Samsung Trying Linux For The DeX Dock
Samsung give the impression they’d love nothing better than to ditch both Android and Google, so that their mobile products are fully Samsung’d up. However, a large part of the success of the Samsung Galaxy S8, Samsung Galaxy Tab S3, Samsung Galaxy Note 8, and even the Samsung Chromebook range, is because of the underlying Google parts of the operating system. Yes, Samsung modify – butcher – Android to “improve” the experience, but many customers wouldn’t be using a Galaxy-branded product if it were not for the Google Services under the TouchWiz interface.
Samsung’s latest attempt to replace Google is in the shape of their impressive-sounding Samsung DeX dock. I’ve already covered the Samsung DeX; it’s a nifty way of converting a flagship Samsung Galaxy device into something of a workstation by connecting it to a monitor, external keyboard, mouse, and other peripherals.
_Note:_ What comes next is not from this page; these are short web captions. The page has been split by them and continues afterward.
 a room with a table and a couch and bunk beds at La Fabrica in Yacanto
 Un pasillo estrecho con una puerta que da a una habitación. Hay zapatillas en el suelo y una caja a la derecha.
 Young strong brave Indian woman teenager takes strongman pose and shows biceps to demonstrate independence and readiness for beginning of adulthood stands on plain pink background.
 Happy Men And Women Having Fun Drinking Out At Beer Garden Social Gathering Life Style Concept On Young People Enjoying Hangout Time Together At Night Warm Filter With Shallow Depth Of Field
The DeX’s weakness is in the software, as Samsung’s desktop software is not as ready as the rest of the device. In an attempt to shore up the Samsung DeX software interface, Samsung have updated the DeX dock with a new software platform, Linux. This new software, dubbed “Linux on Galaxy,” was showcased at the Samsung Developer Conference in late 2017.
The Samsung Linux on Galaxy is described as an application that enables multiple GNU / Linux operating systems to run on a connected Galaxy smartphone, when connected to the dock. Compared with current ways to run Linux on an Android device, Samsung’s implementation is described as “more sophisticated.” It sounds impressive as with the DeX hardware, customers can run Ubuntu 16.04 or another Linux distribution on their DeX dock.
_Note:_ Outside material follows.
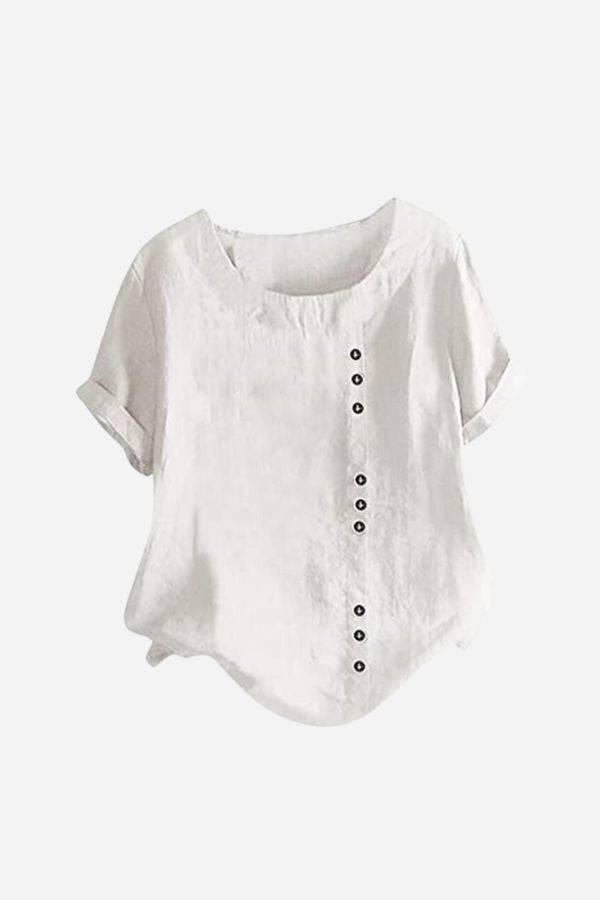 White relaxed fit linen button-up tee with short sleeves and stylish buttons
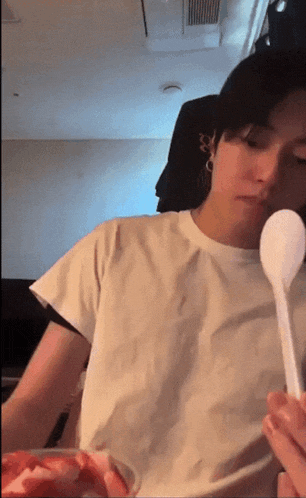 a man in a white t-shirt is holding a plastic spoon in his mouth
Samsung’s expectations is that developers will flock to the new Samsung operating system and buy Samsung hardware, and that ultimately the new solution will encourage customers away from their current laptops and desktop hardware, and will want to run the platform from their Samsung Galaxy devices. And yes, Samsung DeX is a clever idea, but it isn’t currently properly implemented and it appears that Samsung is abandoning the current way to get customers to run a desktop from their smartphone, and is trying a new approach. At least it isn’t Tizen OS.